- _WHAT YOU HAVE TO DO_
Give the lines again exactly as they appear below, from the line with "Set of 2 Stainless" to the line with "Hjyokuso Recovery Suit", both included, and only those lines. Leave every picture out.

- _TASK DATA_
--- START ---
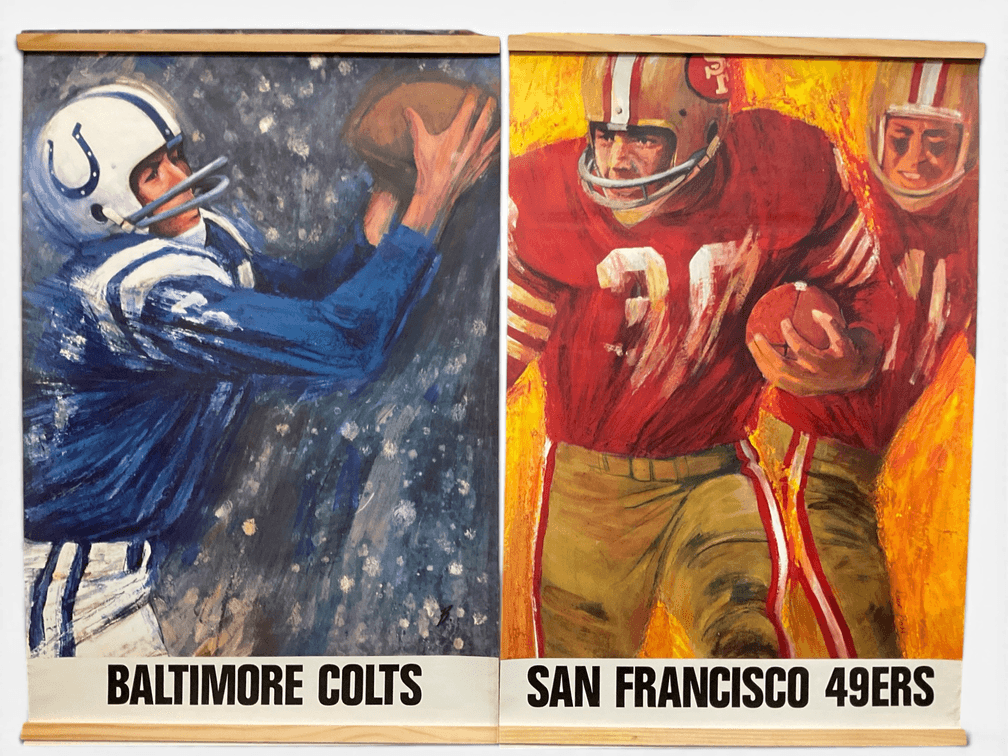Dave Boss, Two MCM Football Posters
--- END ---
--- START ---
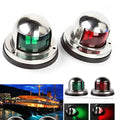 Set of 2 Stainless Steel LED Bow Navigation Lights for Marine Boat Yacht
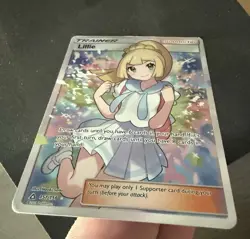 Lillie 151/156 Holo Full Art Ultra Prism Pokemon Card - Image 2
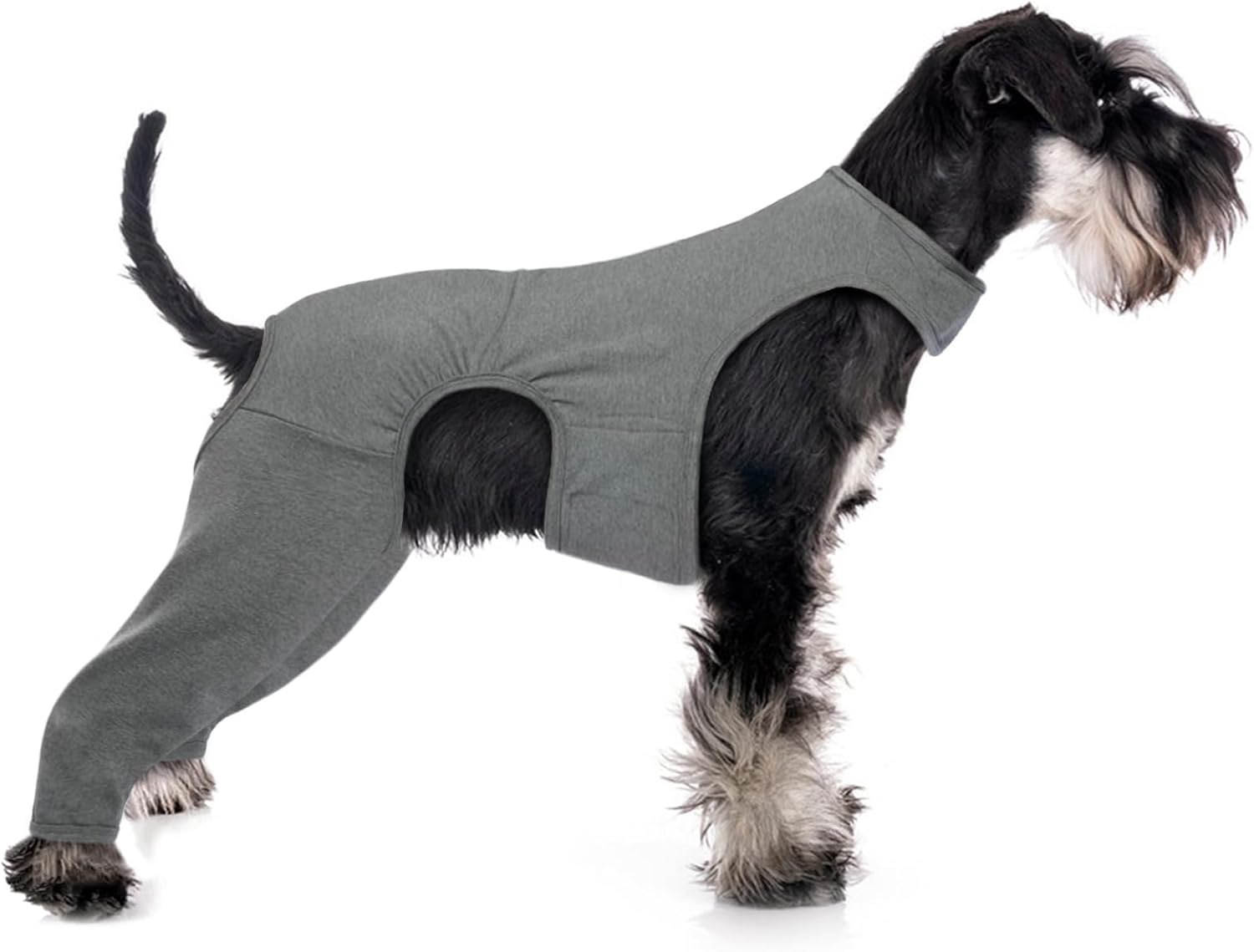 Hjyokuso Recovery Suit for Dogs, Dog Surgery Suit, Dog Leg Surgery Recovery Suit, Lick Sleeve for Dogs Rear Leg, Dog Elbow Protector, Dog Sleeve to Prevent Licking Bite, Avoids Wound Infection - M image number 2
--- END ---
- _EXERCISE OUTPUT_
 Set of 2 Stainless Steel LED Bow Navigation Lights for Marine Boat Yacht
 Lillie 151/156 Holo Full Art Ultra Prism Pokemon Card - Image 2
 Hjyokuso Recovery Suit for Dogs, Dog Surgery Suit, Dog Leg Surgery Recovery Suit, Lick Sleeve for Dogs Rear Leg, Dog Elbow Protector, Dog Sleeve to Prevent Licking Bite, Avoids Wound Infection - M image number 2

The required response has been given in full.